Brahimi is bidding to secure the ceasefire during the four-day Eidul Azha holiday from October 26, hoping it will bring a longer cessation in the 19-month conflict that has already killed more than 34,000 people.
"We will have discussions here with the government, the political parties and civil society about the situation in Syria," Brahimi said at the Damascus airport.
"We will talk about the need to reduce the current violence and about whether it is possible to stop for the occasion of Eidul Azha."
UN chief Ban Ki-moon and Arab League head Nabil al-Arabi urged the sides "to heed the call of the special envoy Lakhdar Brahimi for a ceasefire and a cessation of all violence in all its forms during the period of the Eidul Azha".
Such a truce should last a long time, they said, as it "could create the space to allow a peaceful political process that realises the legitimate aspirations of the Syrian people for democracy, equality and justice".
Brahimi was received at the Damascus airport by Syrian Deputy Foreign Minister Faisal Muqdad and was scheduled to meet Foreign Minister Walid Muallem today (Saturday).
He is expected to hold talks with Assad at a later date.
Damascus says it is ready to discuss the ceasefire proposal with Brahimi.
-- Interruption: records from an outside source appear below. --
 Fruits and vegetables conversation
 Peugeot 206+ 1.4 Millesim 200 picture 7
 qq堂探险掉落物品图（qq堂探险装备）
The opposition says it would welcome any truce but insists the regime must first halt its daily bombardments.
On the ground, rebels and loyalists of President Bashar al-Assad were locked in battle for the north-western town of Maaret al-Numan on the Damascus-Aleppo highway linking Syria's two biggest cities.
Syrian forces again battered the town a day after strikes on a residential area killed dozens, nearly half of them children, rescuers told an AFP reporter at the scene.
The military wants to regain control of the highway to re-supply units under fire in Aleppo for the past three months and assist 250 troops besieged in their Wadi Deif base. Fighter jets over-flew at high altitude before nose-diving and striking targets on the town's outskirts, as helicopter gunships buzzed the area, the correspondent said.
The Syrian Observatory for Human Rights said the aircraft concentrated their firepower on rebel camps near Wadi Deif. Rebels showed AFP debris from cluster bombs they accused the air force of dropping on residential areas, as well as dozens of others that failed to explode on impact. The HRW has accused Syria of using cluster bombs, a charge denied by the military, which insists it does not possess them.